Using Base64 Encoded Bytes

curl -X POST "https://api.perplexity.ai/chat/completions" \
  -H "Authorization: Bearer YOUR_API_KEY" \
  -H "Content-Type: application/json" \
  -d '{
    "messages": [
      {
        "content": [
          {
            "type": "text",
            "text": "Summarize this document"
          },
          {
            "type": "file_url",
            "file_url": {
              "url": "JVBERi0xLjQKJeLjz9MKNCAwIG9iago...",
              "file_name": "report.pdf"
            }
          }
        ],
        "role": "user"
      }
    ],
    "model": "sonar-pro"
  }'
curl -X POST "https://api.perplexity.ai/chat/completions" \
  -H "Authorization: Bearer YOUR_API_KEY" \
  -H "Content-Type: application/json" \
  -d '{
    "messages": [
      {
        "content": [
          {
            "type": "text",
            "text": "What are the key findings in this research paper?

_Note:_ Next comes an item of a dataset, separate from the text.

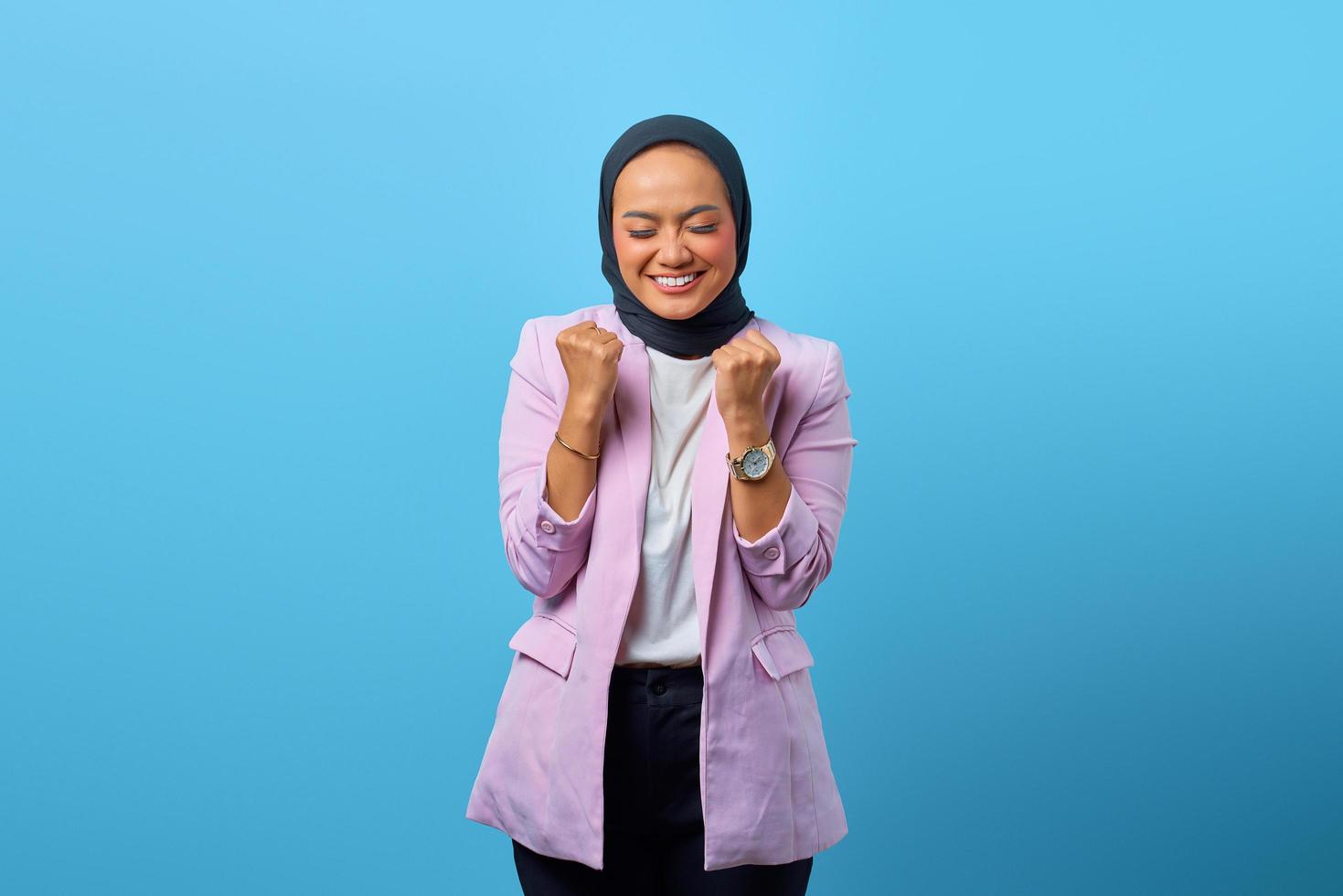 Emocionada mujer asiática celebrando la suerte y haciendo el gesto de la victoria foto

Provide additional context from recent studies."
          },
          {
            "type": "file_url",
            "file_url": {
              "url": "https://example.com/research-paper.pdf",
              "file_name": "research-paper.pdf"
            }
          }
        ],
        "role": "user"
      }
    ],
    "model": "sonar-pro",
    "web_search_options": {"search_type": "pro"}
  }'

File Requirements

Format Support

  • PDF files (.pdf extension)
  • Word documents (.doc, .docx extensions)
  • Text files (.txt extension)
  • Rich Text Format (.rtf extension)
  • Text-based documents (not scanned images)
  • Base64 encoded file bytes
  • Password-protected files (if publicly accessible)

Size Limits

  • Maximum file size: 50MB
  • Recommended: Under 50MB for optimal performance
  • Maximum processing time: 60 seconds
  • Large files may take longer to analyze

Common Use Cases

Academic Research

question = "What methodology was used in this study and what were the main conclusions?"
question = "Extract the key terms and conditions from this contract"

Financial Reports

question = "What are the revenue trends and key financial metrics mentioned?"

Technical Documentation

question = "Explain the implementation details and provide a step-by-step guide"

Best Practices

  • Be specific about what information you need
  • Ask one focused question per request for best results
  • Use follow-up questions to dive deeper into specific sections
  • Ensure documents are text-based, not scanned images
  • For URLs: Use publicly accessible URLs (Google Drive, Dropbox, etc.)
  • For URLs: Verify the URL returns the document directly, not a preview page
  • For base64: Encode the entire file content properly
  • For base64: Provide only the base64 string without any prefix (no data: URI scheme)
  • Break down complex questions into smaller parts
  • Consider processing large documents in sections
  • Use streaming for real-time responses on lengthy analyses

Error Handling

Common Issues

ErrorCauseSolution
Invalid URLURL not accessible or invalid base64Verify URL returns file directly or check base64 encoding
File too largeFile exceeds 50MB limitCompress or split the document
Processing timeoutDocument too complexSimplify question or use smaller sections
Invalid base64Malformed base64 stringEnsure proper base64 encoding without prefix

Pricing

PDF analysis follows standard Sonar pricing based on:
  • Input tokens (document content + question)
  • Output tokens (AI response)
  • Web search usage (if enabled)
Large documents consume more input tokens. Consider the document size when estimating costs.